I’ve worked as a writer on advertorials and on editorial. As a reporter on Horticulture Week, I was like a labrador to a vat of Pedigree Chum (non-sponsored plug for the record) when it came to bagging a hard-hitting news story on slug pellets. No ruddy-faced farmer with a grudge against Michael Heseltine – he owned the publishing house I worked at – would scupper that scoop. It was the purest, most naturally flourishing content I’ve ever churned out.

The landscape over on advertorials is entirely contrasting – sure words are of the essence in both, but it’s like comparing an episode of The Wire to Care Bears The Movie – the latter is undeniably fluffy and light; In short one sells the other doesn’t.

At times I’d want to read the selling because I’d been pulled in like a magpie to a neon pom pom or something equally fanciful but it was about choice. I knew I was being sold to. The key is clarity.

It has to be obvious to Instagram followers what content has been paid for (i.e. shoe-horned into a vaguely workable post) and what’s come from the heart/ whatever body part isn’t too knackered to have an opinion or ready to be papped.

I posted about Rimmel the other day – it wasn’t a paid post but I genuinely love the eyeliner. There was an assumption by a couple of followers that I’d been paid for it and hadn’t declared the sordid exchange. It made me sad (as sad as talking about eyeliner can make you) that a really handy, accessible £4.95 eyeliner wasn’t going to be seen as a genuine tip. Essentially it says that followers, who are simply readers seeking genuine content can’t sort the wheat from the sponsored chaff.

In the name of transparency, I don’t – and won’t – take payment from small start-up mama-run brands. (Don’t worry I’ve wrangled with a few when money was literally dropping from my pockets into the Mother Pukka ether and I wondered where my next meal/ bag of Haribo was coming from). But I want to make it clear to start-up businesses that we’re here to support and champion. That doesn’t mean we open the floodgates to everyone and anyone; offering up a veritable Instagram boot sale of goods. But we’re here, so drop us a line and like any blind date, let’s see if it’s a cheeky fumble outside the pub or a full-on Mills & Boon affair.

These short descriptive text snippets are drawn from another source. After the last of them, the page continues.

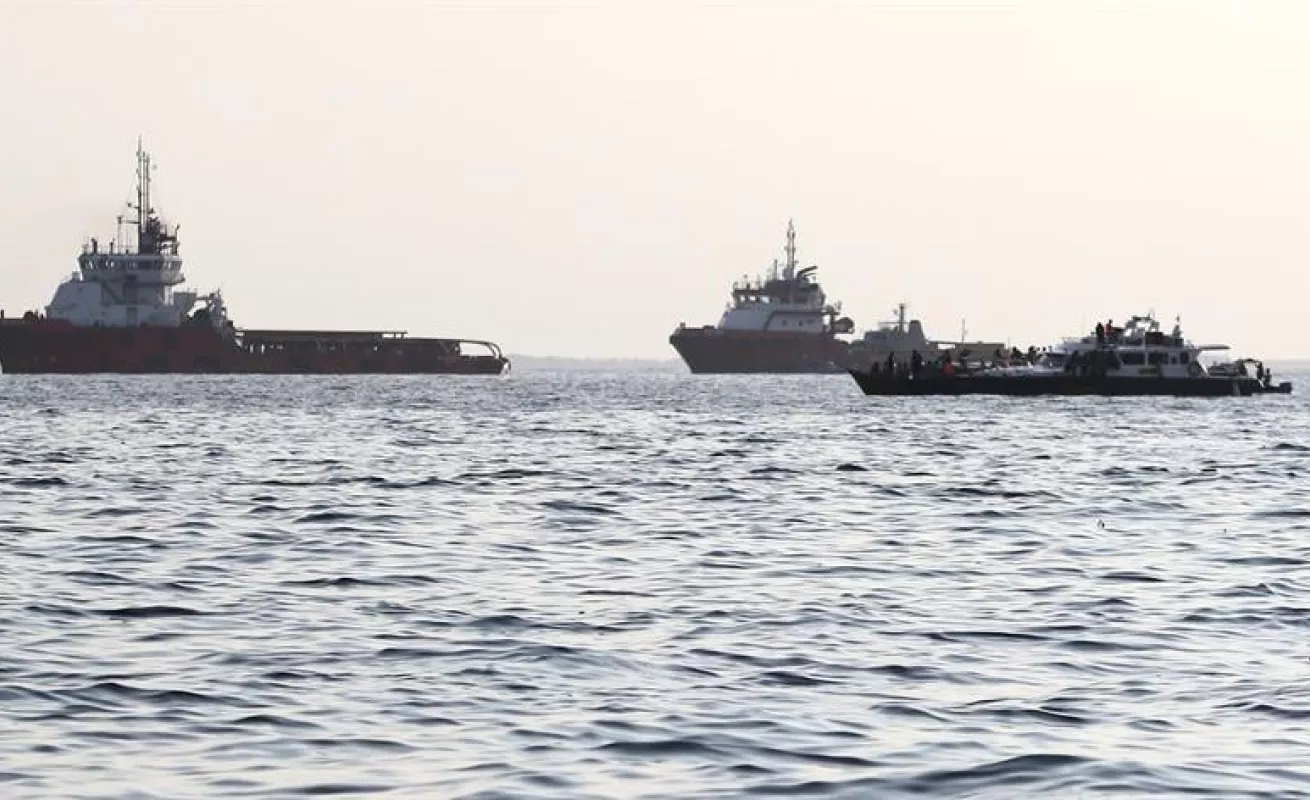 #GaleriaCri Revelan imágenes desde el lugar donde se estrelló el avión en Indonesia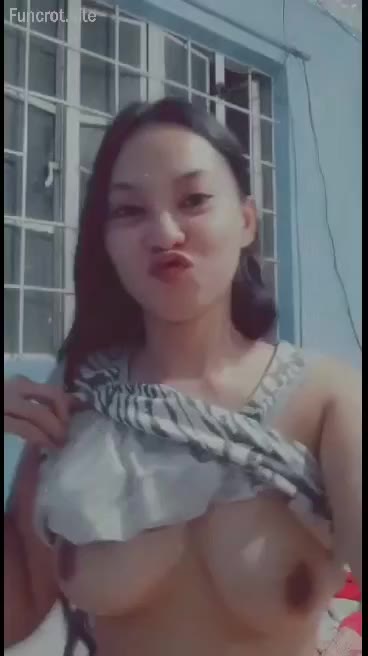DoodStream Abg Cakep Pamer Toket Untuk Bacol Bokep Indo Viral -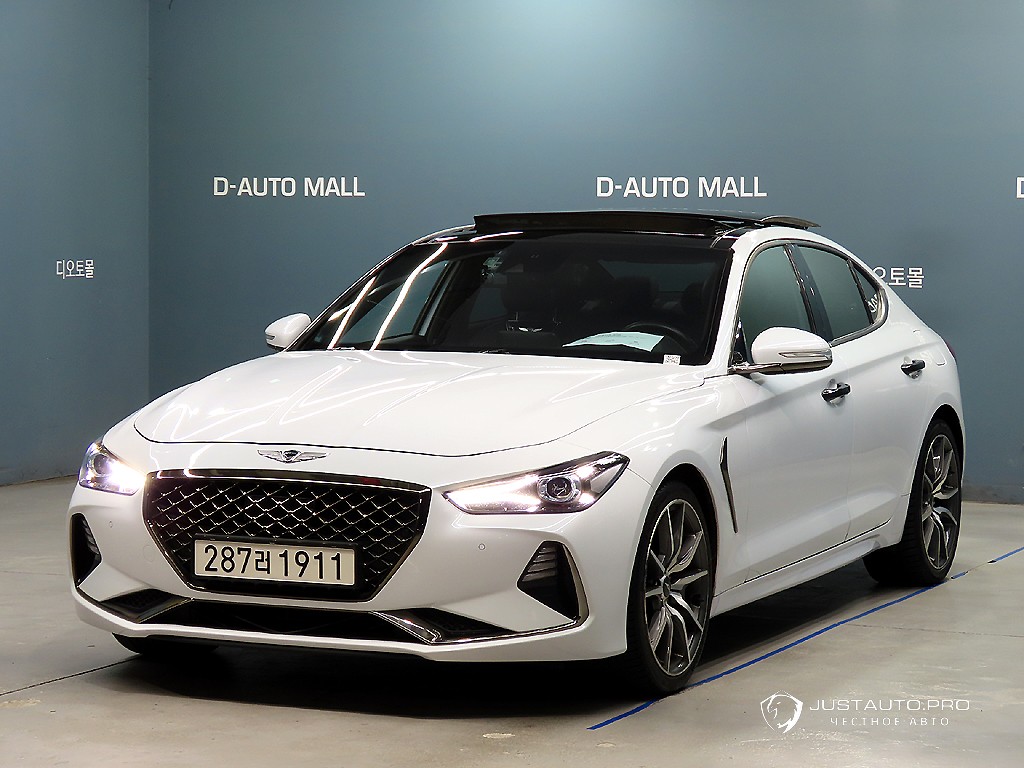 Автомобиль Genesis G70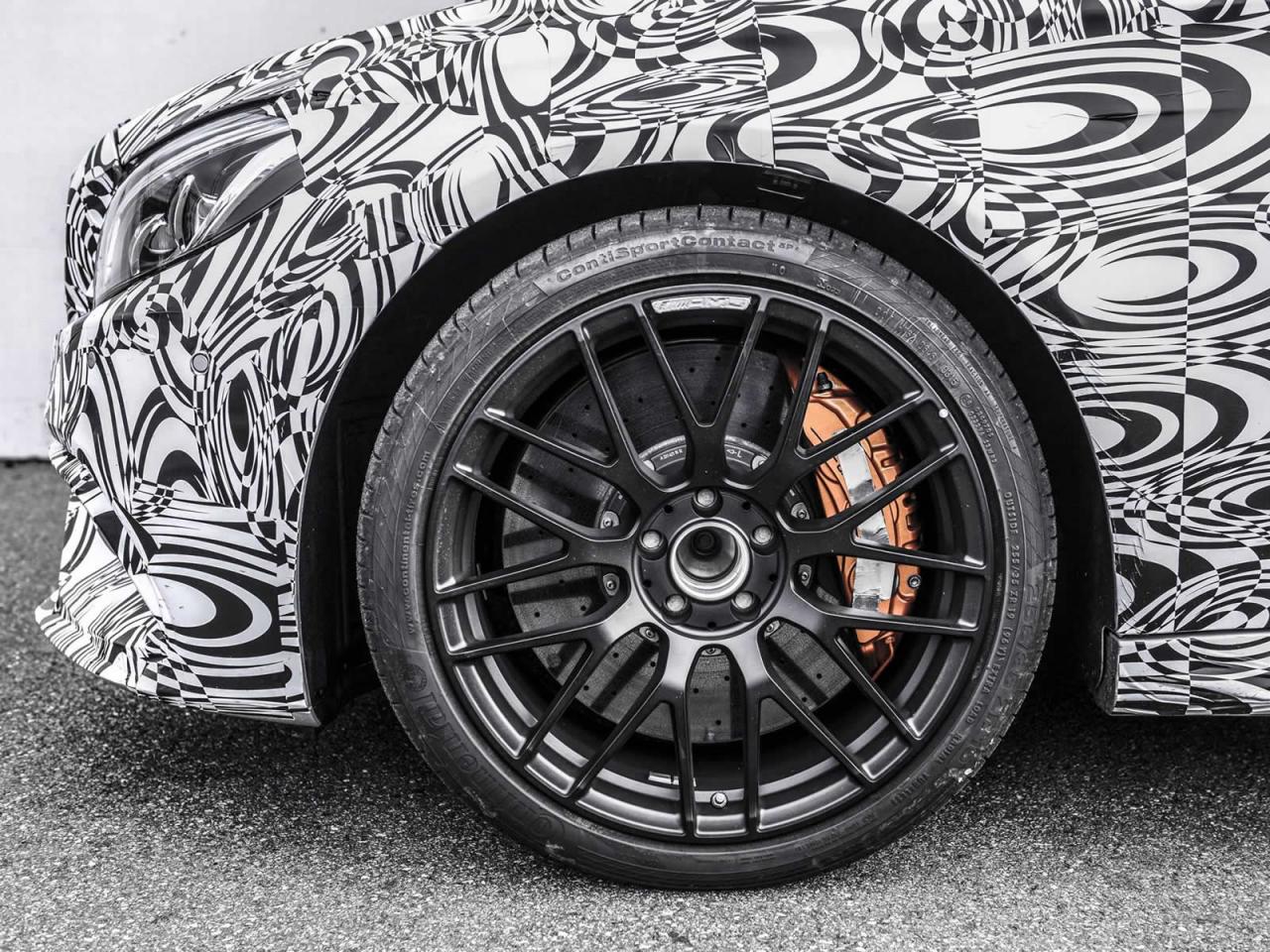 Primeras imágenes oficiales del Mercedes C 63 AMG Coupé 3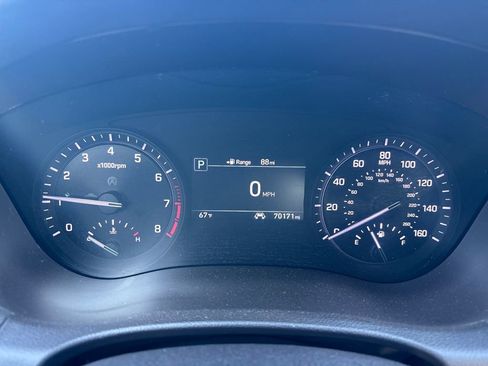 Used 2018 Genesis G80 3.8 AWD/4WD image 11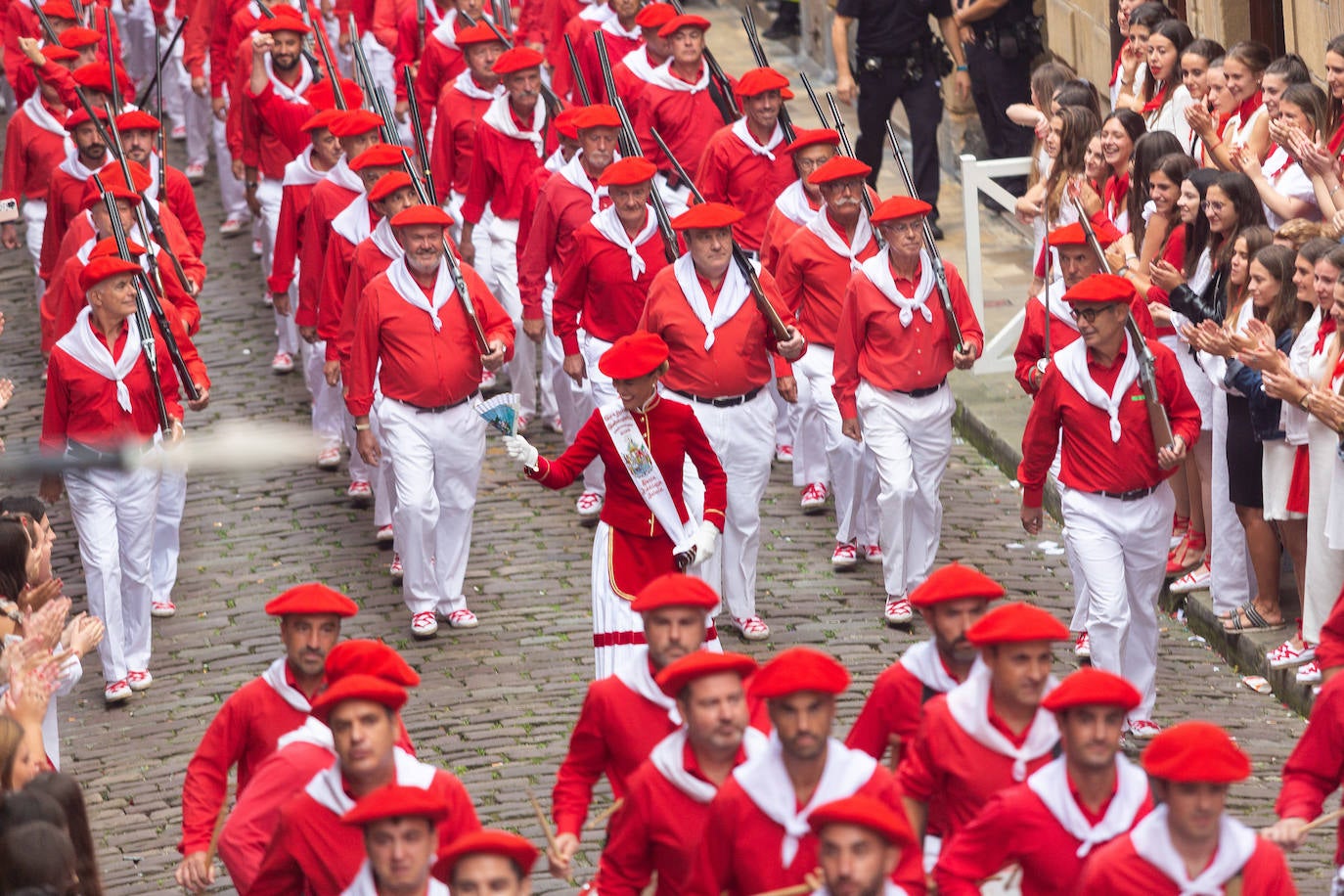 Fotos: Las mejores imágenes del Alarde tradicional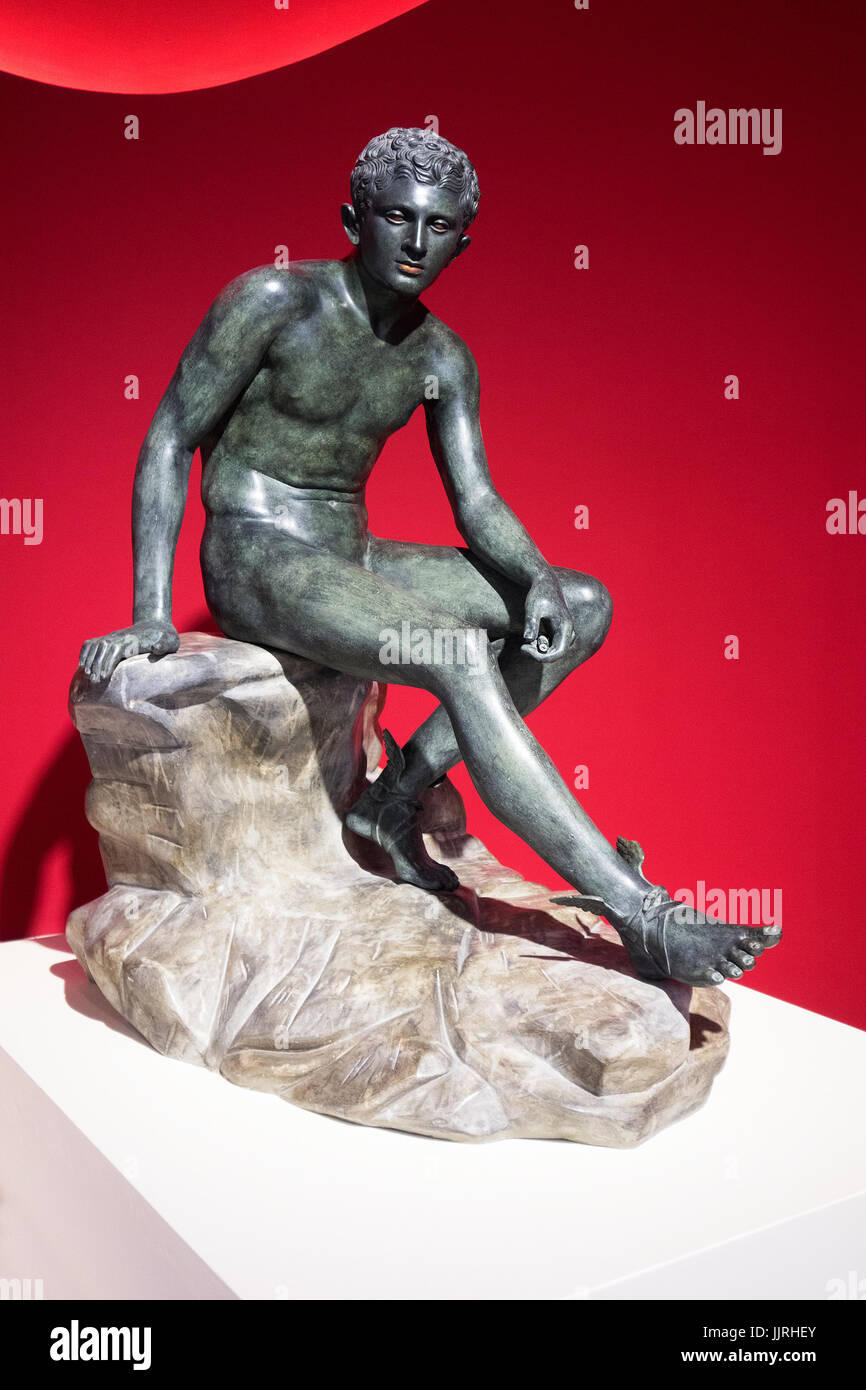 Estatua de bronce de hermes fotografías e imágenes de alta resolución -  Alamy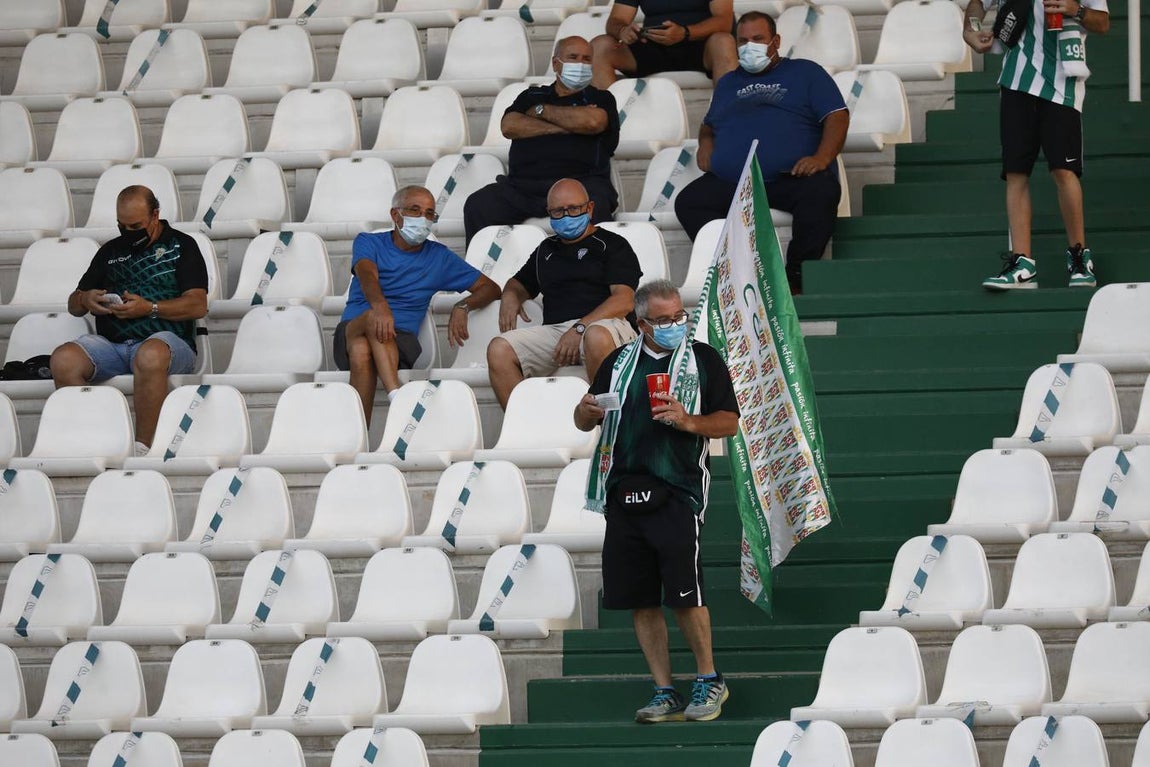 El ambiente previo al partido entre el Córdoba y el Extremadura, en imágenes
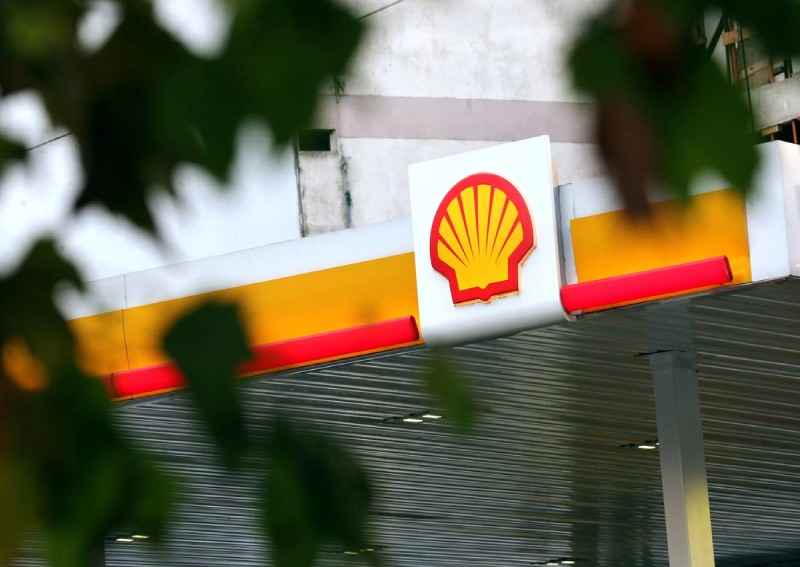 Shell to trial use of hydrogen fuel cells for ships in Singapore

Anything else will have ‘AD’ strapped onto it; please don’t hate the AD. To keep churning out bat shit crazy vlogs of us prancing about in our kitchen with the smell of congealed Ketchup in the air, that AD is the yin to my organic content’s yang. It’s like the adverts for a Stana Stairlift in The Sunday Times – you can easily gloss over it – or ponder it wholeheartedly in a post roast fug.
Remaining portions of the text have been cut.